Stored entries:
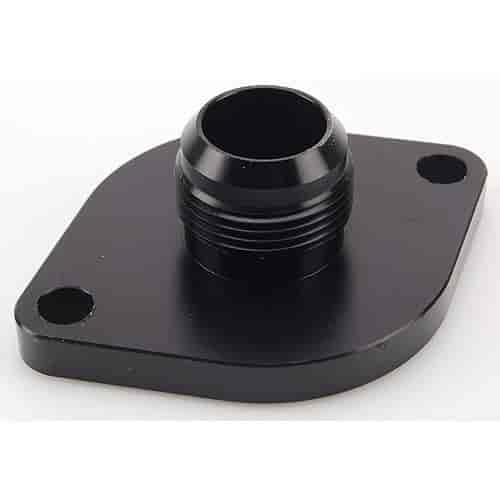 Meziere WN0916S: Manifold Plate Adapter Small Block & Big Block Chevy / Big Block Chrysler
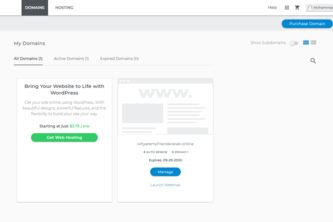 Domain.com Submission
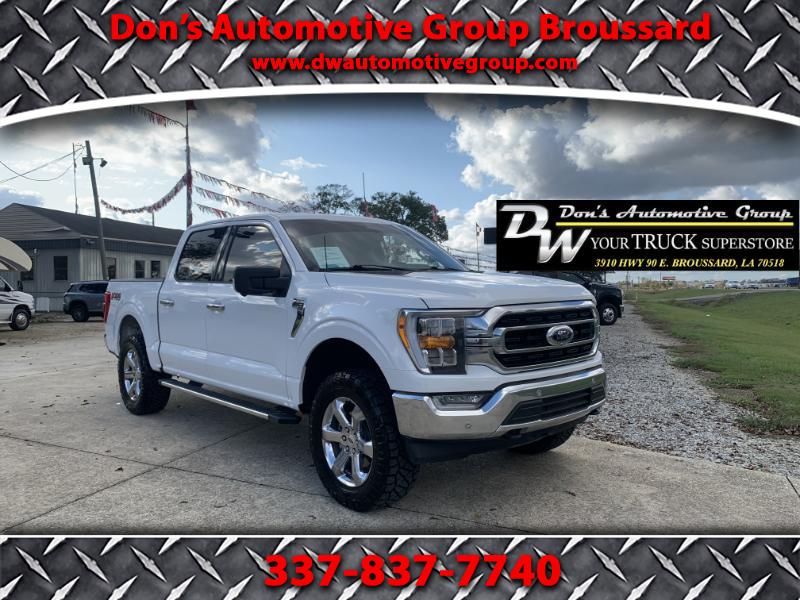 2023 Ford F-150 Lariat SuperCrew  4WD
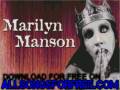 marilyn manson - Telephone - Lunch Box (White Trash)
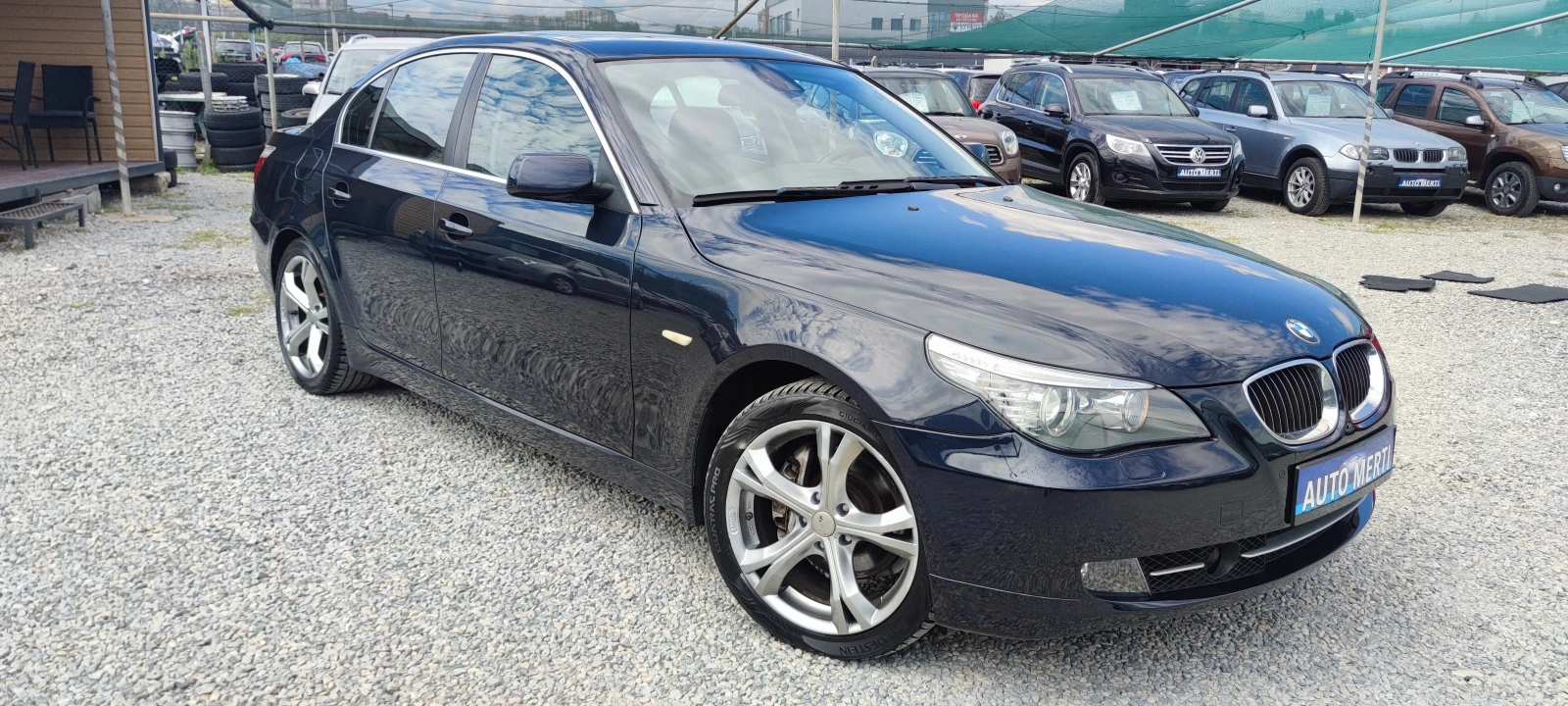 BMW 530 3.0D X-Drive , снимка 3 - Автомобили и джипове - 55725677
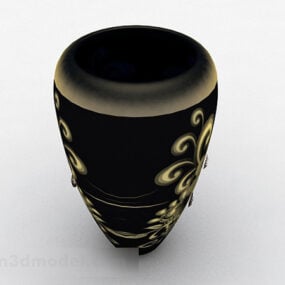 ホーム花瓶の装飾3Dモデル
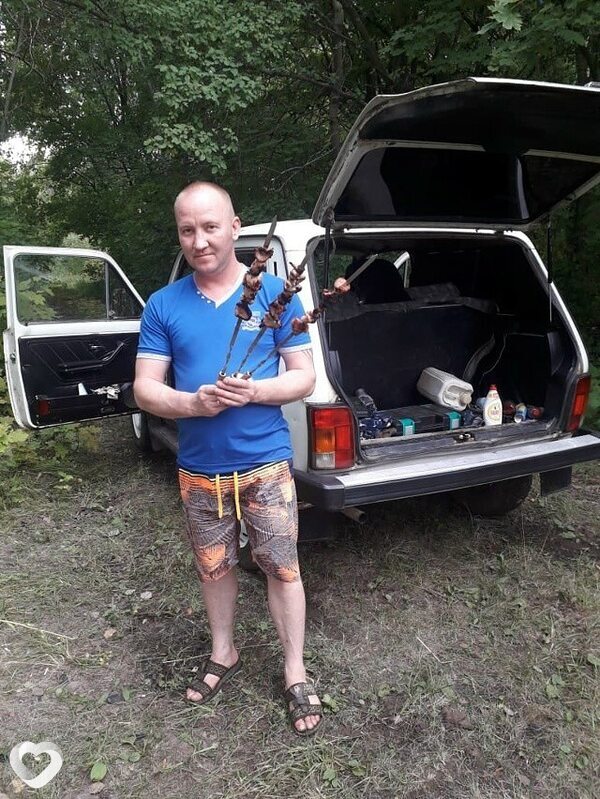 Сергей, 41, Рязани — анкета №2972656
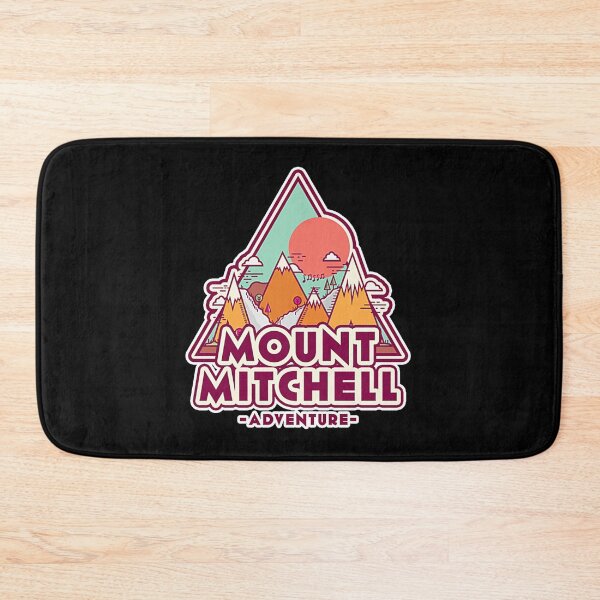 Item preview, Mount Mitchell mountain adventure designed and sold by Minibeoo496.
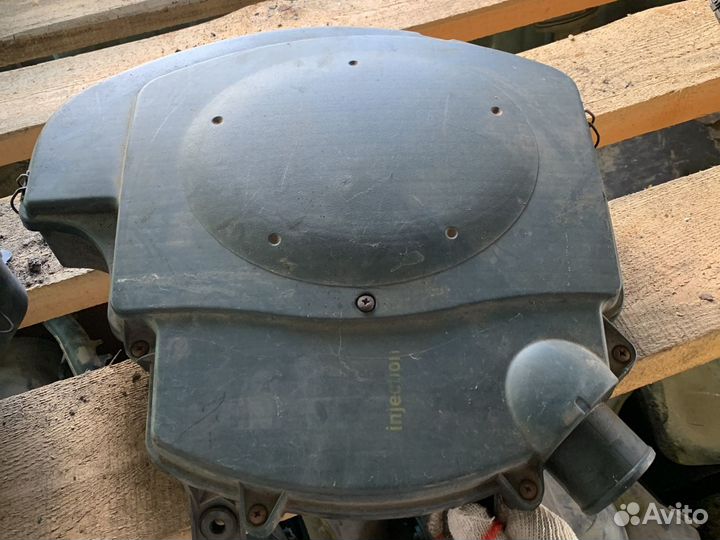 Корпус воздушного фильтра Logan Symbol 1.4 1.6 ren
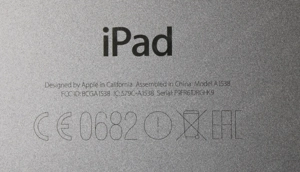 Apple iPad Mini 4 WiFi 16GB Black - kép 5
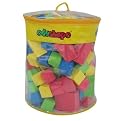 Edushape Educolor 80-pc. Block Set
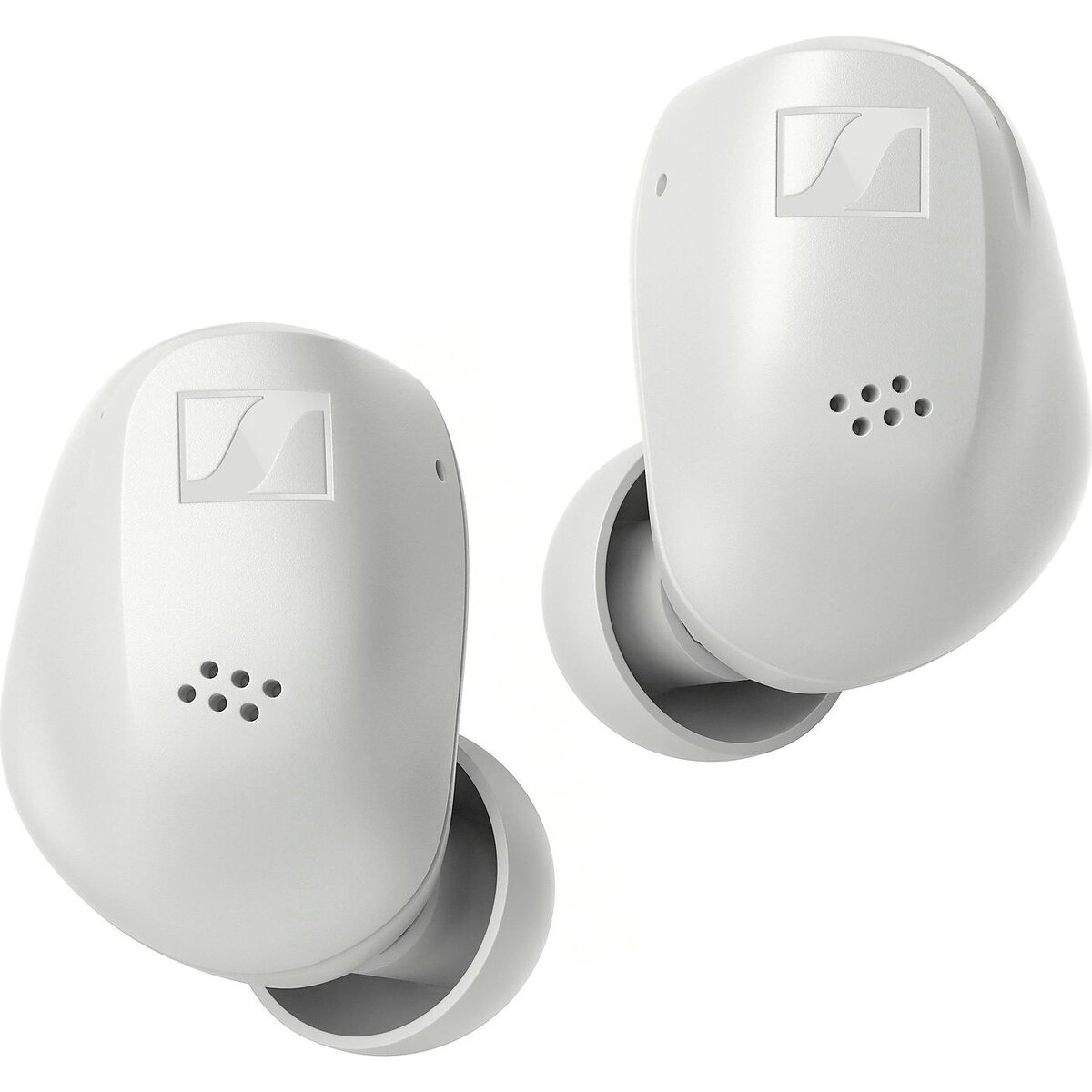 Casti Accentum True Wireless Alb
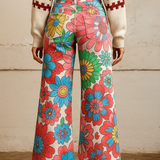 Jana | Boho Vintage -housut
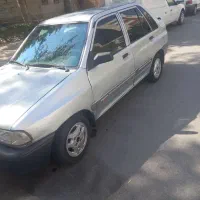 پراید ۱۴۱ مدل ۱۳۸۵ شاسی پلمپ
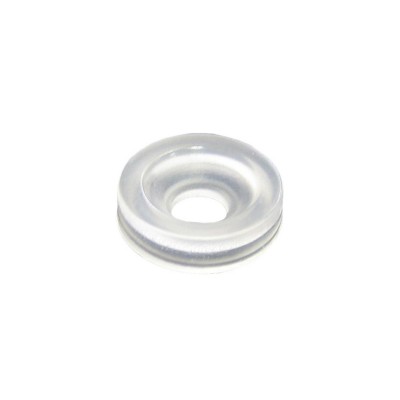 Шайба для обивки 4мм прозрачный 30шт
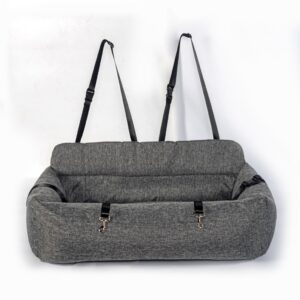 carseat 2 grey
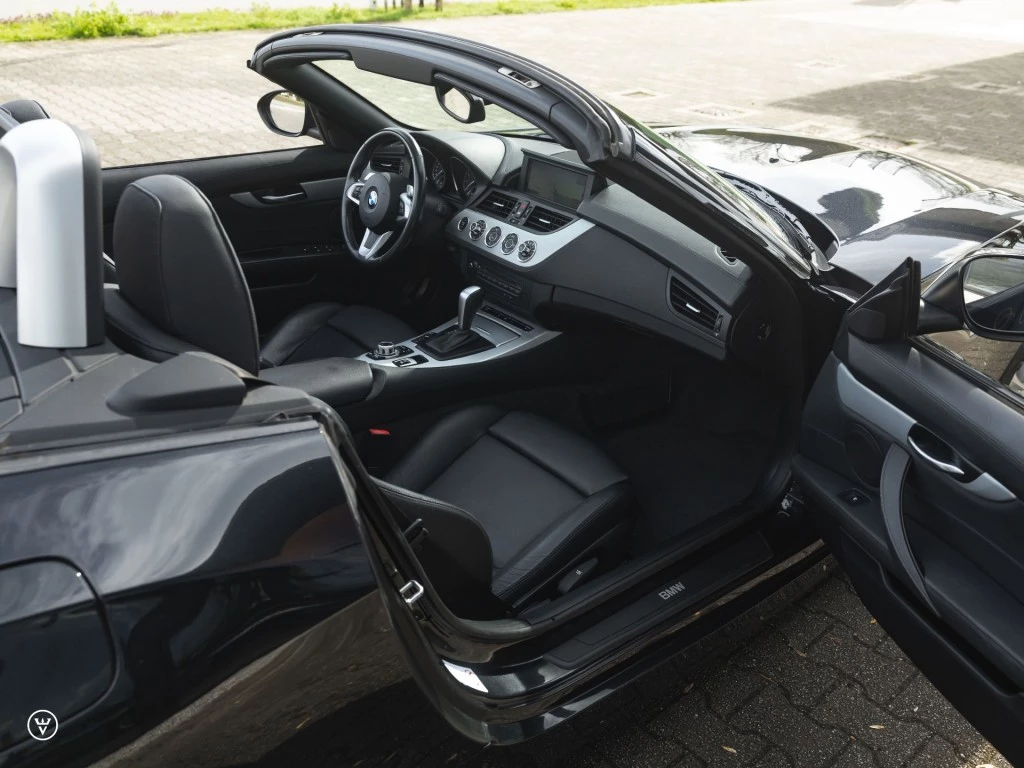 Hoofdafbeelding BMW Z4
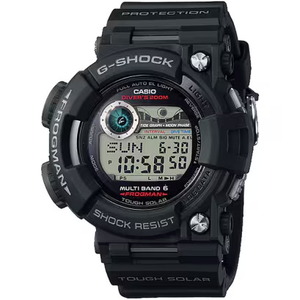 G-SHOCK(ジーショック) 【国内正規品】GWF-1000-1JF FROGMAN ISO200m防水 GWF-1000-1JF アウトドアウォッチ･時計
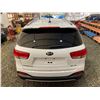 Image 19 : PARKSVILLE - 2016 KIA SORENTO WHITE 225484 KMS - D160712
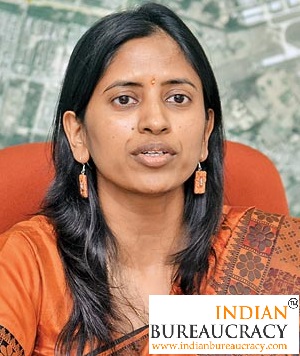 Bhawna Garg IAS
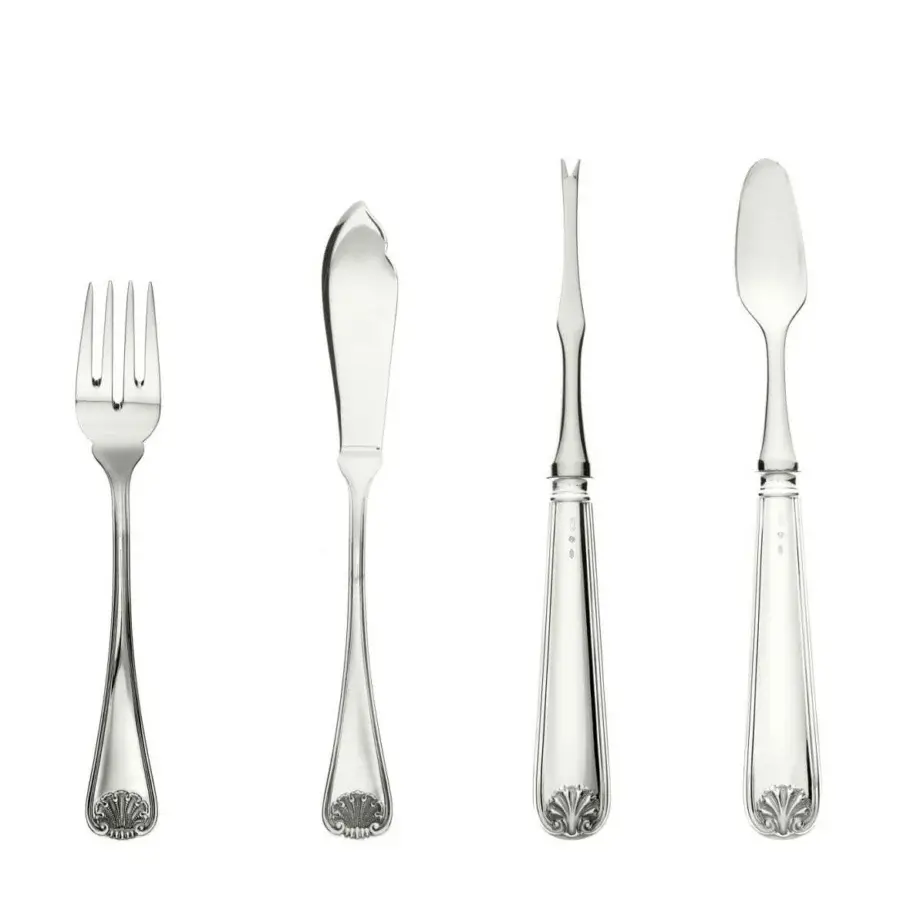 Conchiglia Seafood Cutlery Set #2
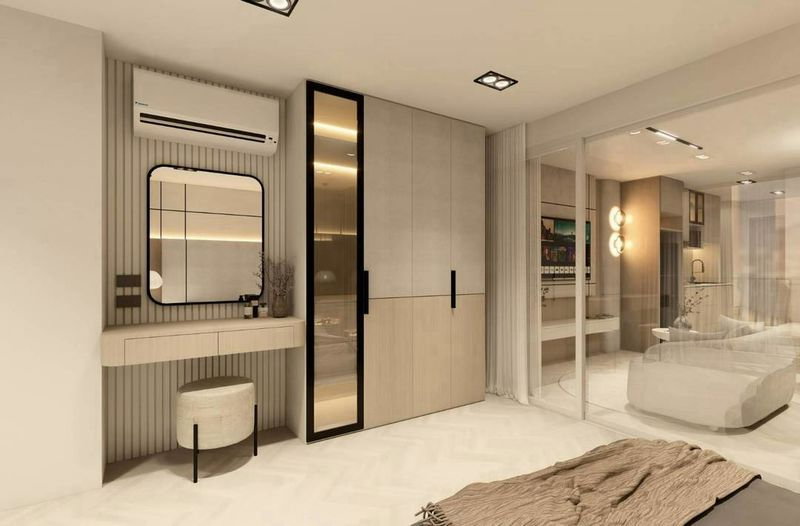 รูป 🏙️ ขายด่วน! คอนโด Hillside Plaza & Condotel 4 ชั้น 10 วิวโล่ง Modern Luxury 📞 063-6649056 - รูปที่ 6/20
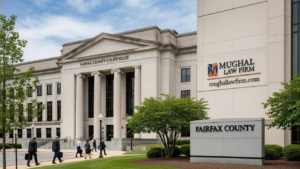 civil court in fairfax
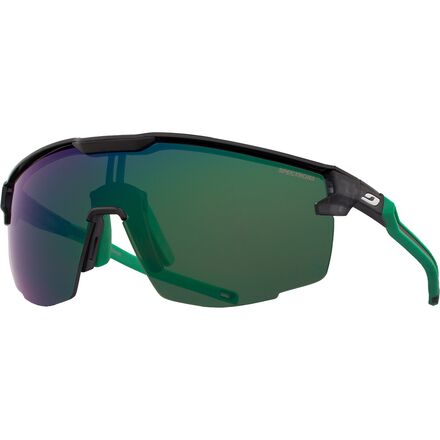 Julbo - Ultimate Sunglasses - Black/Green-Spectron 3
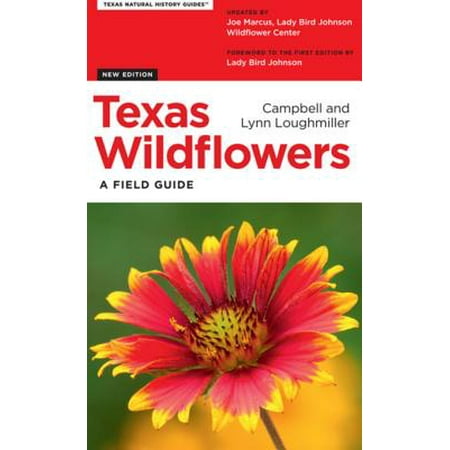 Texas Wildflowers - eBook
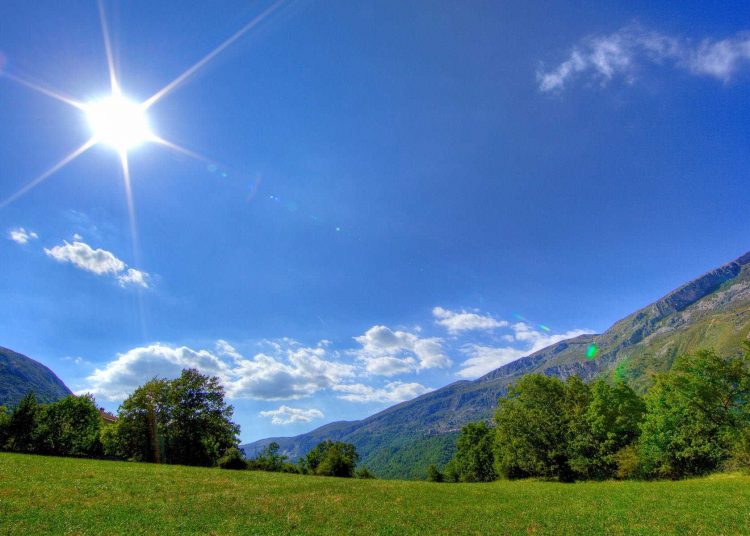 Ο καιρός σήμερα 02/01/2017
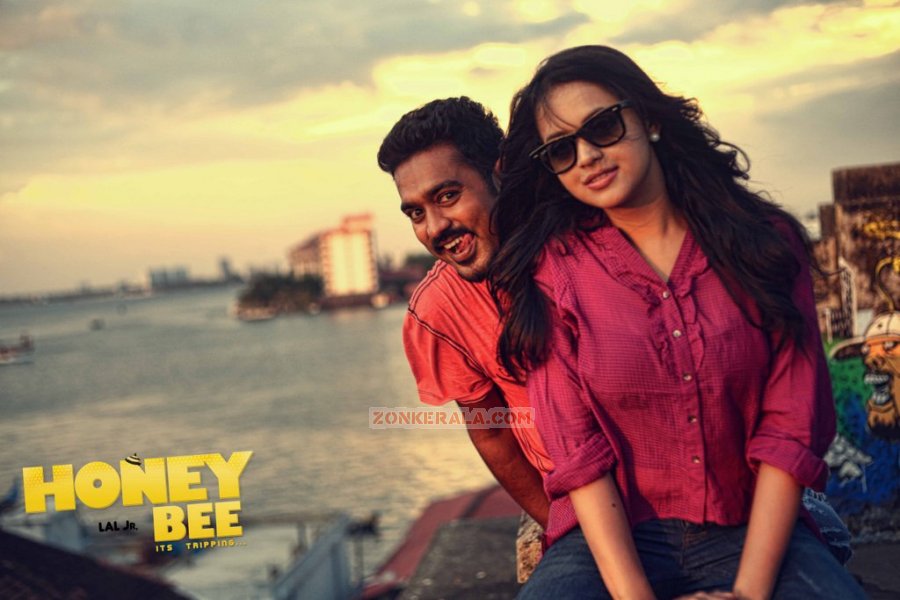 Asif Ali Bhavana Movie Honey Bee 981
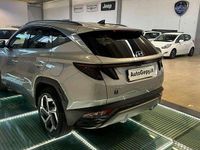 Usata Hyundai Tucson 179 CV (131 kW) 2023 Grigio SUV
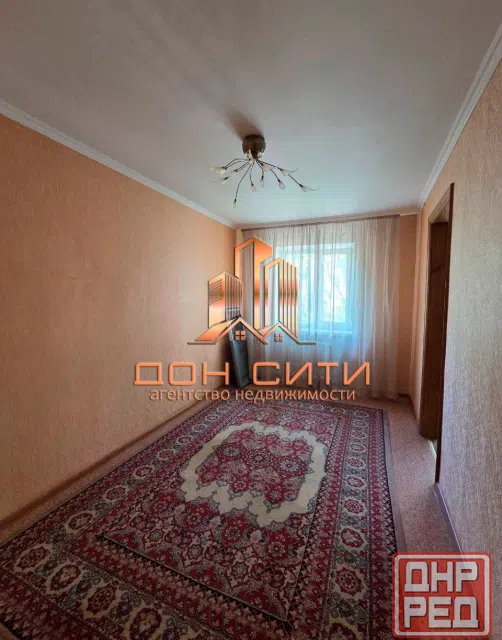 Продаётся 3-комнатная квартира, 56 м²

Task to complete: Transcribe exactly the lines above, beginning at the one with "Bhawna Garg IAS" and going up to and including the one with "Asif Ali Bhavana Movie Honey Bee 981". Pictures do not belong in the copy.

Written solution:
 Bhawna Garg IAS
 Conchiglia Seafood Cutlery Set #2
 รูป 🏙️ ขายด่วน! คอนโด Hillside Plaza & Condotel 4 ชั้น 10 วิวโล่ง Modern Luxury 📞 063-6649056 - รูปที่ 6/20
 civil court in fairfax
 Julbo - Ultimate Sunglasses - Black/Green-Spectron 3
 Texas Wildflowers - eBook
 Ο καιρός σήμερα 02/01/2017
 Asif Ali Bhavana Movie Honey Bee 981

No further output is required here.